Solving Optimization Problem Homework

[chompysj]

Homework Statement

Homework Equations

a^2 + b^2 = c^2
A= (1/2)bh

The Attempt at a Solution

1)I labeled the distance traveled on the ocean as y and the distance traveled on land as x.

2)This one's kinda hard to describe: you know how the 100 yd distance and the shoreline form a triangle? I labeled the bottom of that triangle as w.

3) Pythagorean theorem:

100^2 + w^2 = y^2
(300-w)^2 + 65^2 = x^2

Area of triangle:

(300)(65) - (1/2)(300-w)(65) = 65w + (1/2)(65)(300-w)

Also, the derivatives:

dy/dt = 70 yd/min
dx/dt = 120 yd/min

This is kind of where I'm stuck. Am I on the right track with the whole w thing? Or am I headed in a completely wrong direction? Please help!

 

[HallsofIvy]

Homework Statement

Homework Equations

a^2 + b^2 = c^2
A= (1/2)bh

The Attempt at a Solution

1)I labeled the distance traveled on the ocean as y and the distance traveled on land as x.

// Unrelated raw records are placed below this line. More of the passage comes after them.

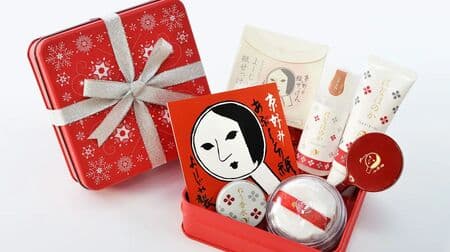 Christmas coffret containing "Yojiya Coffret Charming up! can can" Christmas coffret containing oil-absorbent paper, etc.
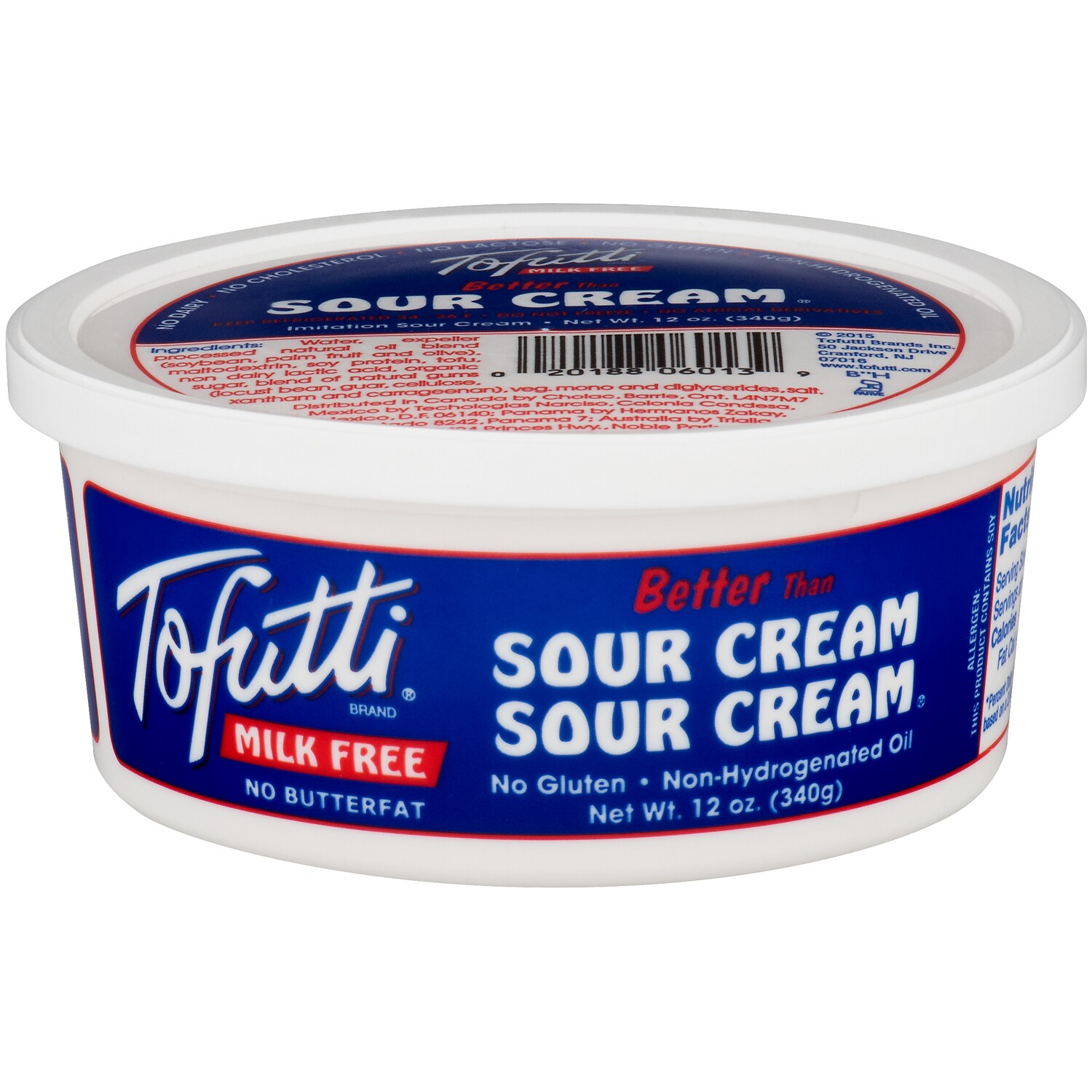Tofutti Better Than Sour Cream, Plain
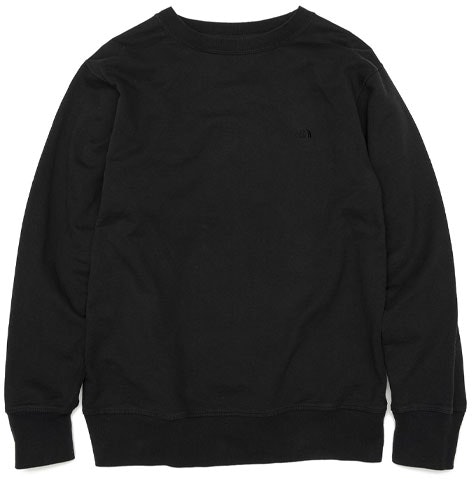 the-north-face-purple-label-black-basic-crewneck-sweatshirt-for-men-nt-6903-n-k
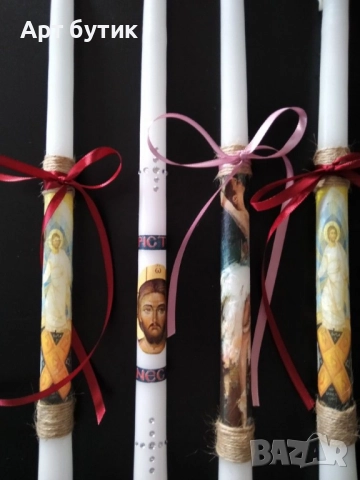 Декорирани свещи за Кръщене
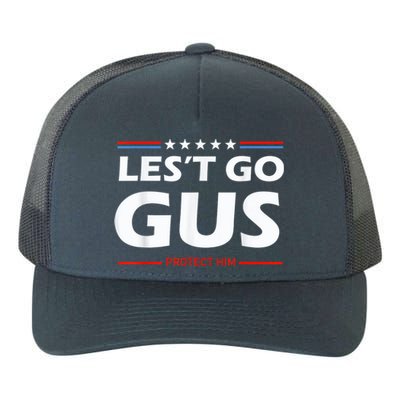 LetS Go Gus Harris Walz 2024 For President Yupoong Adult 5-Panel Trucker Hat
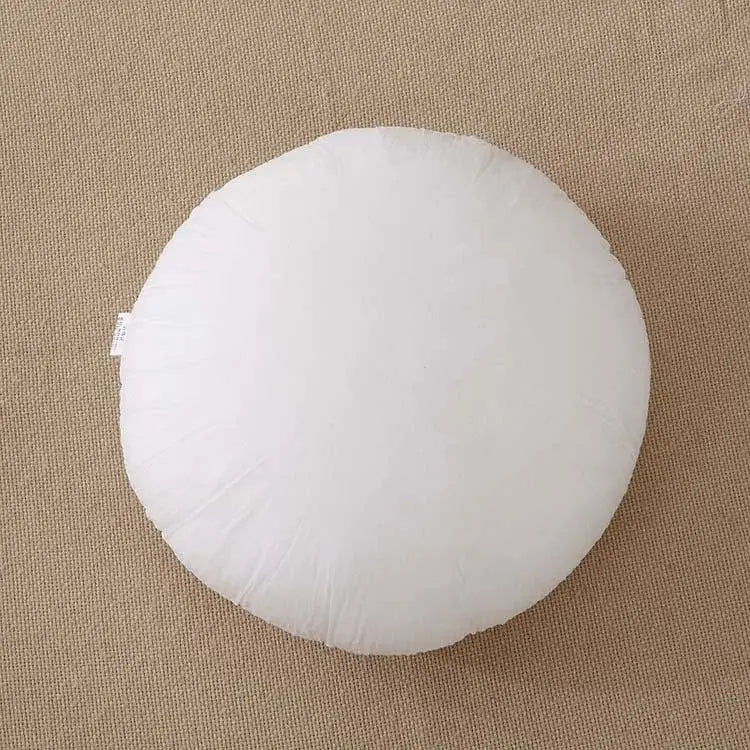 White round handmade flower cushion cover with soft fabric for living room decor by decorbites handmade flower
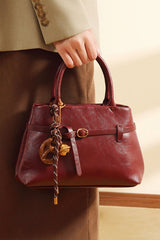 Sac bandoulière rouge vintage luxe pour tous les jours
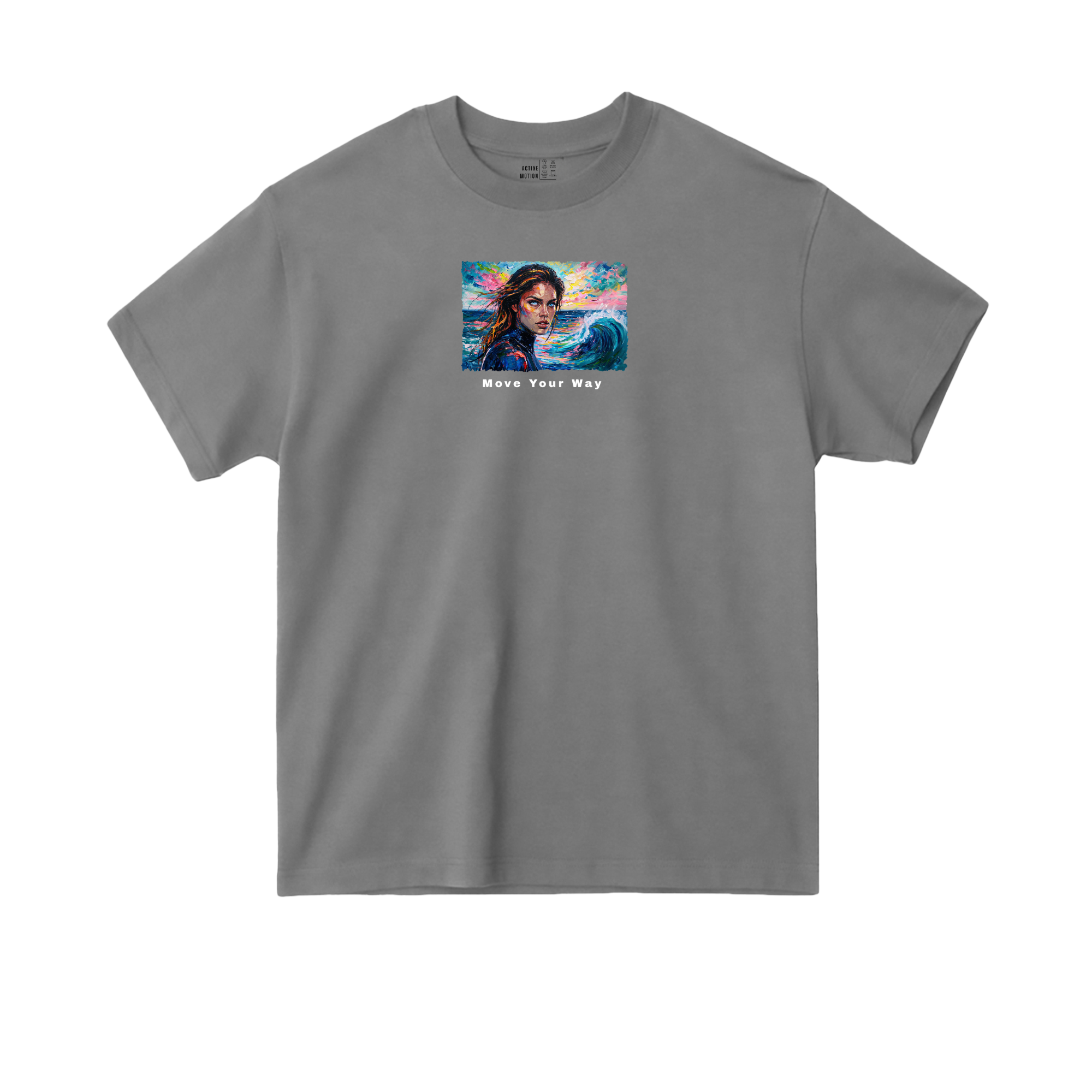 Ocean Waves Heavyweight Tee - Statement Edition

2)This one's kinda hard to describe: you know how the 100 yd distance and the shoreline form a triangle? I labeled the bottom of that triangle as w.

Okay, so "w" is the distance from the left at which the man lands on the shore.

3) Pythagorean theorem:

100^2 + w^2 = y^2
(300-w)^2 + 65^2 = x^2

Area of triangle:

(300)(65) - (1/2)(300-w)(65) = 65w + (1/2)(65)(300-w)

Area of triangle? What in the world does area have to do with anything?

so, the derivatives:

dy/dt = 70 yd/min
dx/dt = 120 yd/min

This is kind of where I'm stuck. Am I on the right track with the whole w thing? Or am I headed in a completely wrong direction? Please help!

"Area" has nothing to do with this problem. If he goes distance y yds at 70 yd/min, how long does it take him? If he goes distance x yds at 120 yd/min, how long does it take him? What is the total time? Now use your formula to put everything in terms of your original variable, w. For what value of w is that time a minimum?